Maréchal feint d’abord l’éloge. Ceux qui doutaient des capacités du ministre sont renvoyés dans leurs buts : « M. Noulens s’est révélé comme un as, un véritable as du carreau de carreau des Halles ». Ce ton grandiloquent prépare le renversement ironique. Car ce que l’auteur admire vraiment, ce n’est pas tant l’efficacité économique que la ruse politique. La criée, explique-t-il, n’est rien d’autre qu’une soupape psychologique : elle permet au peuple, frustré par la vie chère, d’aller chaque matin « hurler à son aise » contre les marchands, de donner libre cours à sa colère, et, ce faisant, de se défouler sans renverser le pouvoir.
Le parallèle avec les craintes révolutionnaires est clair.
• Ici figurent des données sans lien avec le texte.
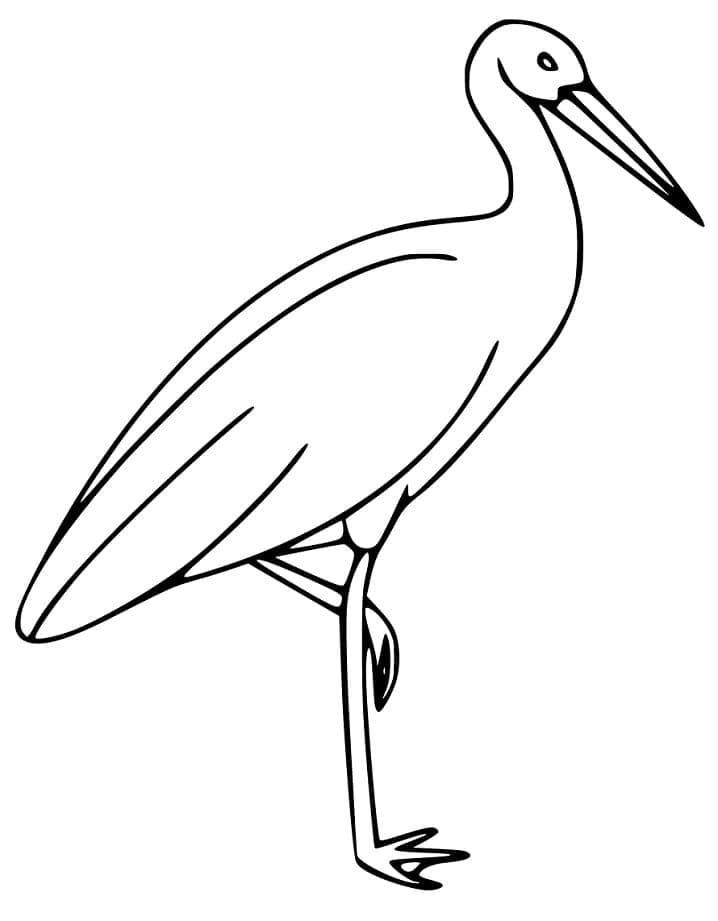 Fise de colorat cu Barza de colorat p38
En 1919, la France sort à peine de la guerre, l’inflation galope, la faim guette les plus modestes. Les autorités redoutent les mouvements sociaux, les pillages, voire une contagion bolchevique. Or, pour Maréchal, Noulens a trouvé le remède miracle : offrir un exutoire légal et bruyant. « Le peuple alors, écrit-il, est heureux, satisfait, épanoui… et le gosier enroué », trop occupé à crier pour songer à descendre dans la rue.
Le sarcasme est évident : le consommateur, calmé par ses hurlements, finit par accepter de payer « le triple de sa valeur » sans rouspéter. La dénonciation est double : d’un côté, elle vise les autorités qui se contentent de calmer les esprits sans s’attaquer aux causes réelles de la vie chère ; de l’autre, elle fustige la résignation populaire, qui se laisse berner par ces soupapes.
Ce texte est typique de la ligne du Canard dans l’immédiat après-guerre : mêler les petites décisions ministérielles à une satire plus large du système. Maréchal se moque des grands mots de la République, de ses ministres trop heureux de trouver des « trucs » pour éviter les révolutions, et d’un peuple réduit à hurler sur les marchés plutôt qu’à contester en profondeur.
En somme, « Bravo, Noulens ! » n’est pas seulement une chronique sur le ravitaillement parisien. C’est une parabole sur le pouvoir : celui-ci ne nourrit pas les ventres, mais offre aux gorges l’occasion de s’époumoner. Et tant que le peuple crie, il ne renverse pas. Satire toujours actuelle d’un art politique consistant à détourner la colère, plutôt qu’à résoudre les injustices.